The gene CC2D2A, which was not included in the KEGG pathway, was detected by the microarray analysis (i.e., |FC|≥2.0 and P-value <0.05). This gene has not been previously reported in relation to chondrocytes. The transition zone membrane complex, which is required for cilia formation, contains CC2D2A together with Meckel-Gruber syndrome (MKS)-Joubert syndrome (JBTS)-related proteins, such as centrosomal protein 290 (CEP290), tectonic family member 1 (TCTN1), and B9 domain containing 1 (B9D1) [42]. CC2D2A plays an essential role in the formation or stabilization of sub-basal appendages and the initiation of the process of ciliogenesis from the basal body; it is also essential for primary ciliogenesis [43]. Although few studies have been conducted on these proteins in chondrocytes, it has been reported that the expression of B9D1 is significantly reduced in osteoarthritis chondrocytes [44]. Furthermore, chondrocyte expansion and dedifferentiation are reported to inhibit primary cilia expression and Hedgehog signaling [45]. Hedgehog signaling requires primary cilia, a microtubule-based signaling compartment, whose integrity is associated with the cytoskeleton. In the present study, flow cytometric analysis showed that the cell morphology differed between the rapid and slow cell groups, as indicated by the FSC and SSC. Therefore, the difference in the expression of CC2D2A could have influenced morphology of the two groups via cilia formation. CC2D2A was abundantly expressed in the rapid cell group and hence, it could act as a new marker for cartilage matrix production in the future. Since this study was conducted only at the transcript level, the present findings should be confirmed at the protein level. Moreover, the function of CC2D2A in cartilage should be examined through the generation of knockout mice.

Conclusion

The present results indicate that the rapid cell group is characterized by a faster proliferation rate, smaller size, less granularity, and higher chondrogenic capacity. Microarray, GO, and KEGG analyses indicated upregulation of genes related to cell division and downregulation of several chondrocyte related genes in the rapid cell group, suggesting higher stemness of the faster dividing cells. The results obtained in this study provide the basis for the use of rapidly dividing cells in cartilage regeneration.

Funding

This study was supported by KAKENHI Grants-in-Aid for Scientific Research (B) (#21H03136).

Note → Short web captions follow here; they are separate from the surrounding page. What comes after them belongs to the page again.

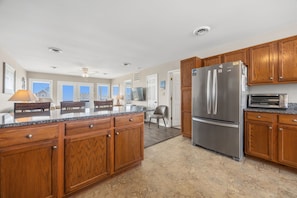 A kitchen with wooden cabinets, a stainless steel refrigerator, a built-in oven, and a dining area with a table and chairs. - Spacious Oceanview Home | Short Walk to Beach | Pool (Emerald Isle)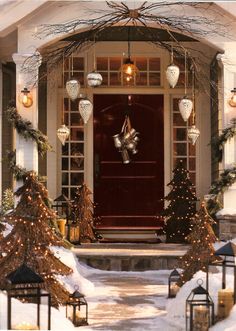 the front door is decorated for christmas with lights and garlands on the trees outside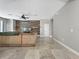 Bright living room with tile floors, an accent wall, and a ceiling fan at 4079 Pacente Loop, Wesley Chapel, FL 33543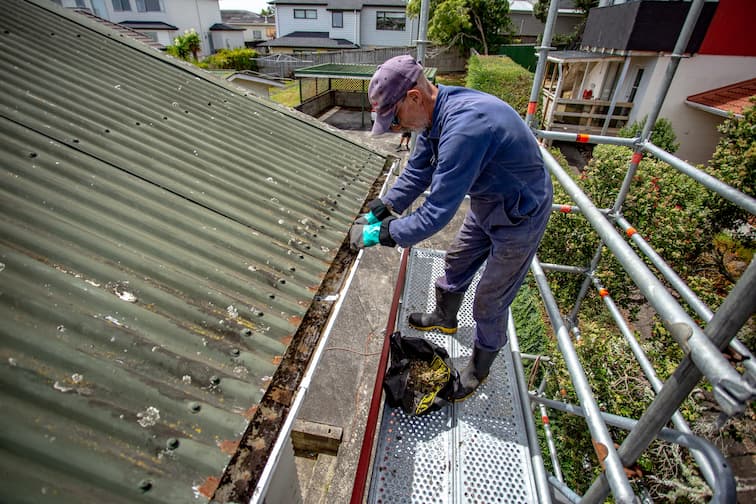 Person cleaning a gutter on scaffolding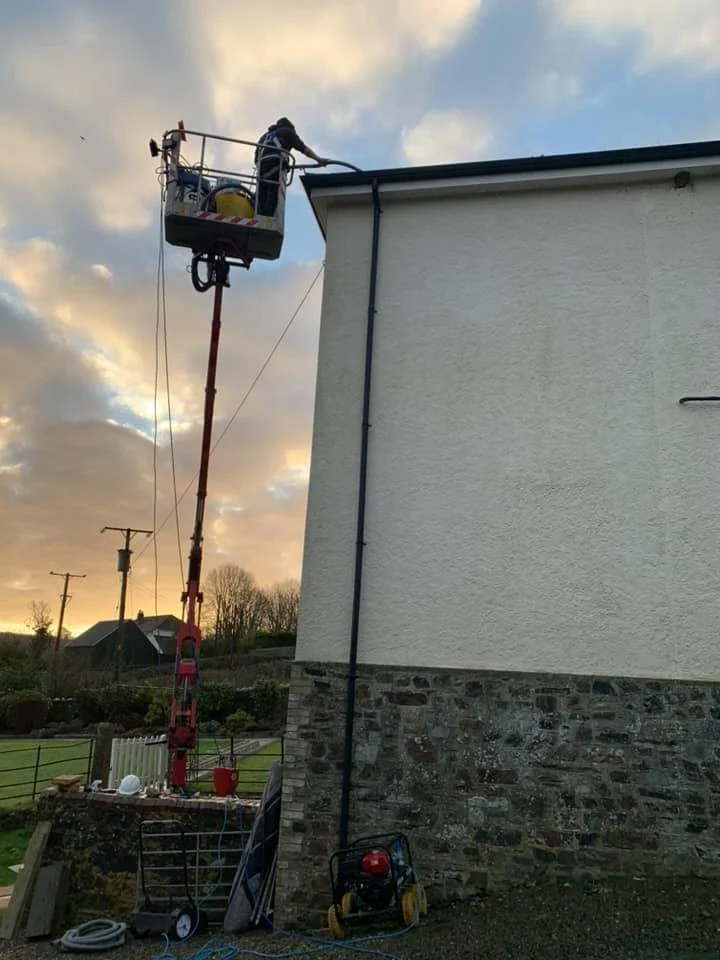 A worker in a lift working on the roof of a house during sunset, with tools and equipment nearby.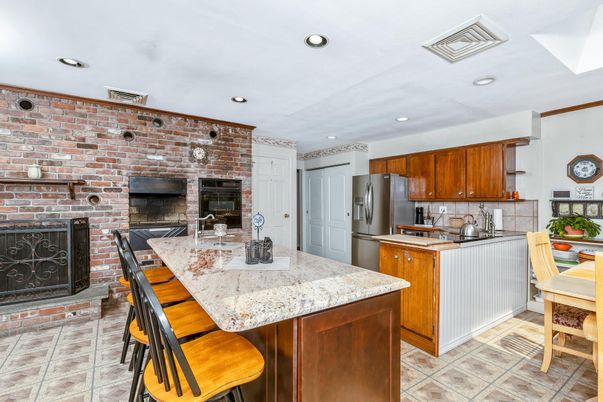 Fireplace, Interior, Kitchen, Recessed Lighting, Stone Walls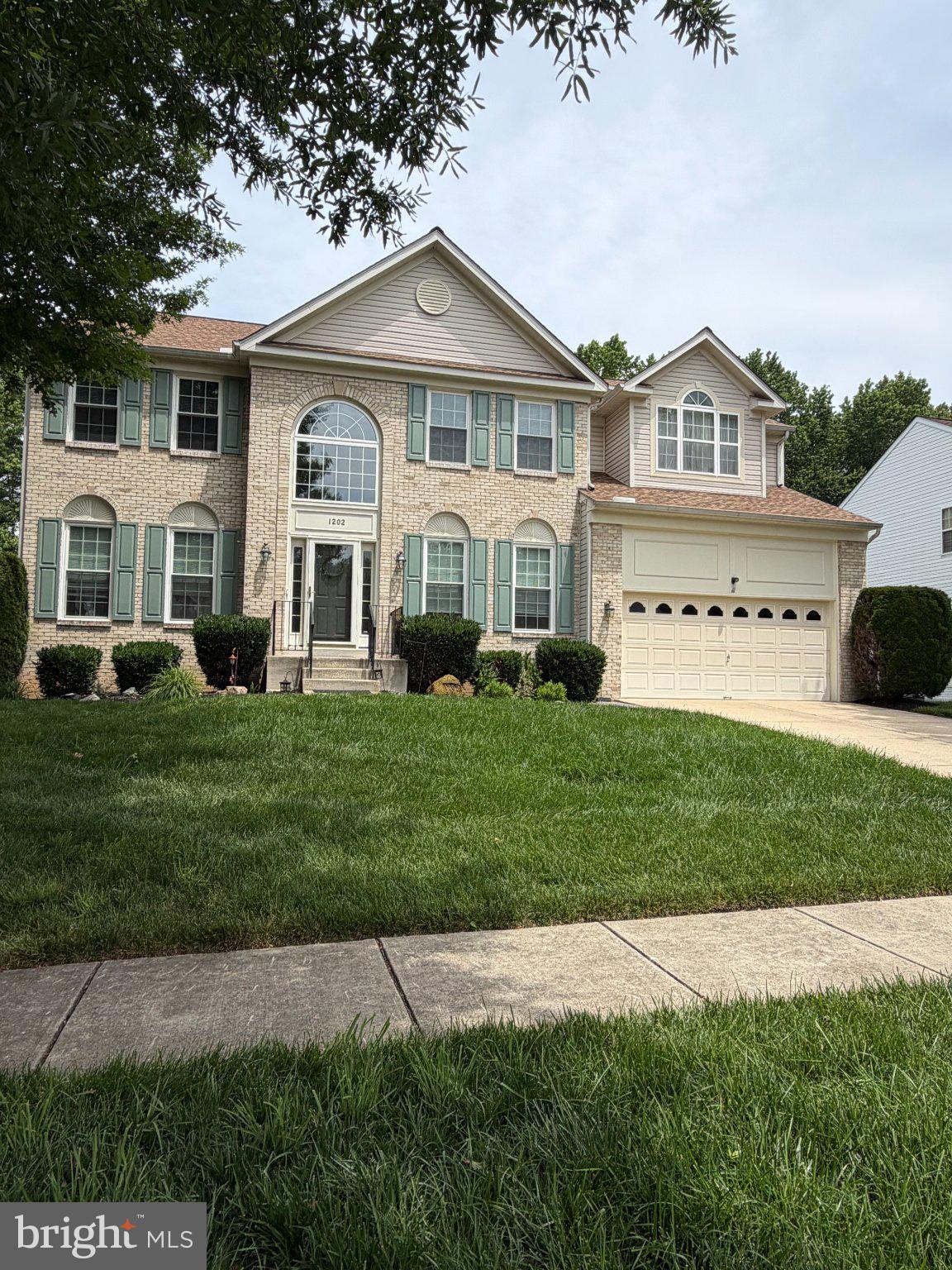 1202 Strausberg Street Accokeek, MD 20607 - Photo 41 of 43 Charming brick home with lush greenery.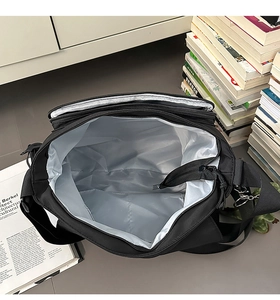 Top view of large black messenger bag with grey lining showing spacious interior space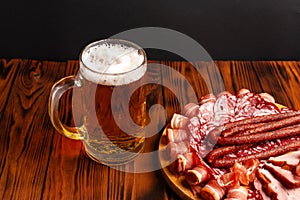 Mug of beer and assortment of snacks on a wooden table. Sausage, salami, ham, bacon. Beer salty snack, chips, wasabi nuts, salted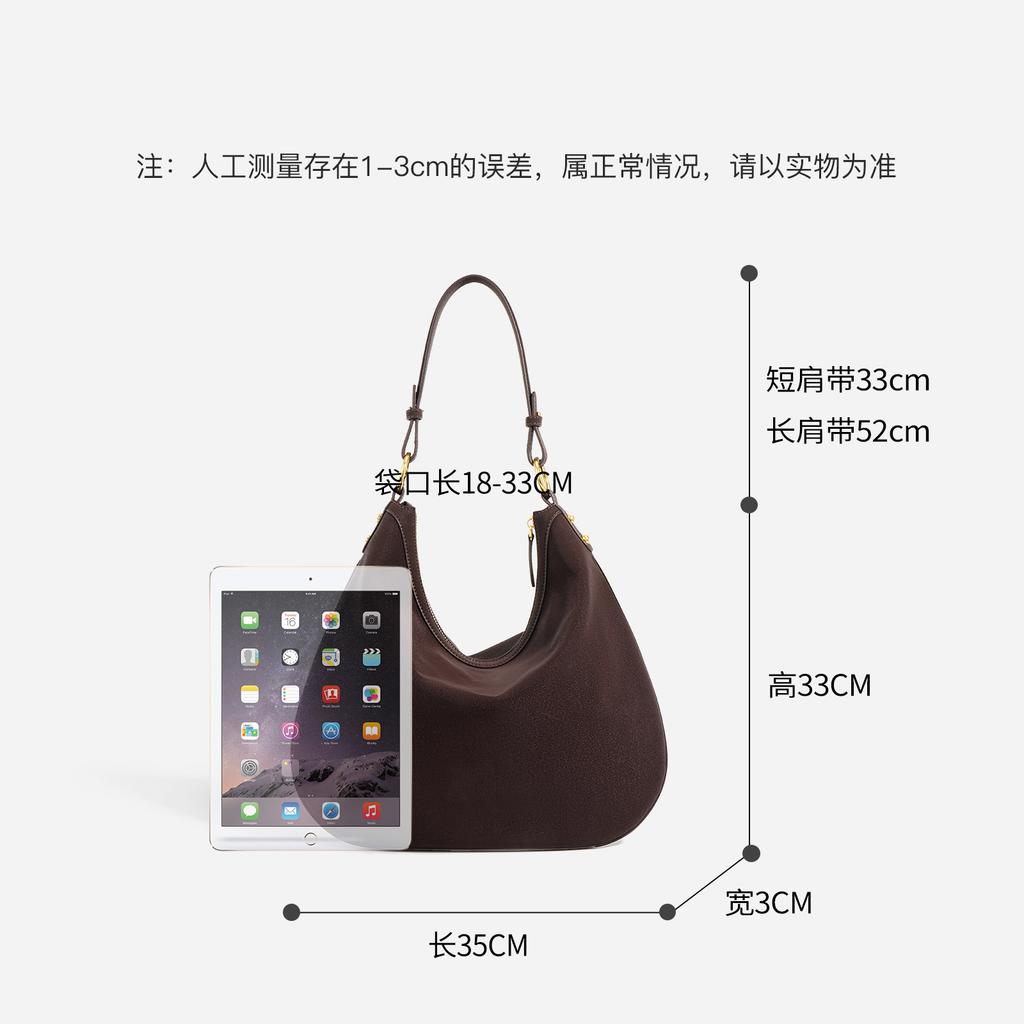 Niche design new retro texture cowhide bag underarm hand carry temperament casual lazy wind large capacity dumpling bag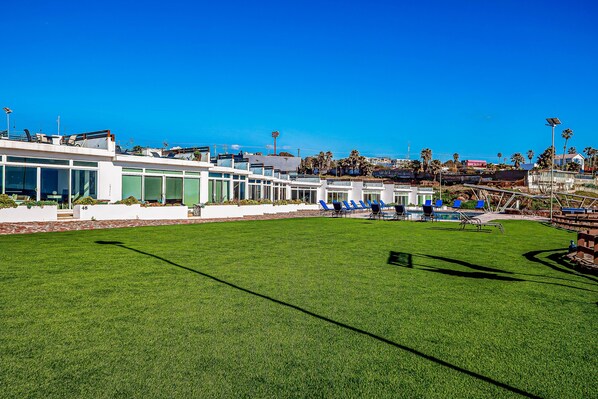 A modern building with a pool area, including a well-maintained lawn and blue lounge chairs. - Cheerful Dog-friendly Villa With Beach Views, Outdoor Pool, Private Patio, & AC (Playas de Rosarito)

Declaration of competing interest

The authors declare the following financial interests/personal relationships which may be considered as potential competing interests: Atsuhiko Hikita was affiliated with an endowed chair supported by FUJISOFT INCORPORATED (until October 31, 2020), and is affiliated with an endowed chair supported by CPC corporation, Kyowa Co., Ltd., Kanto Chemical Co. Inc., and Nichirei corporation (July 1, 2021). Yukiyo Asawa was affiliated with an endowed chair supported by Fujisoft Incorporated (until October 31, 2020). Yukiyo Asawa and Makoto Komura are affiliated with an endowed chair supported by Dental Assist Co., Ltd., Fuke Hospital, Sashiogi Hospital, Ikegami Home Clinic, and Inotec Co., Ltd.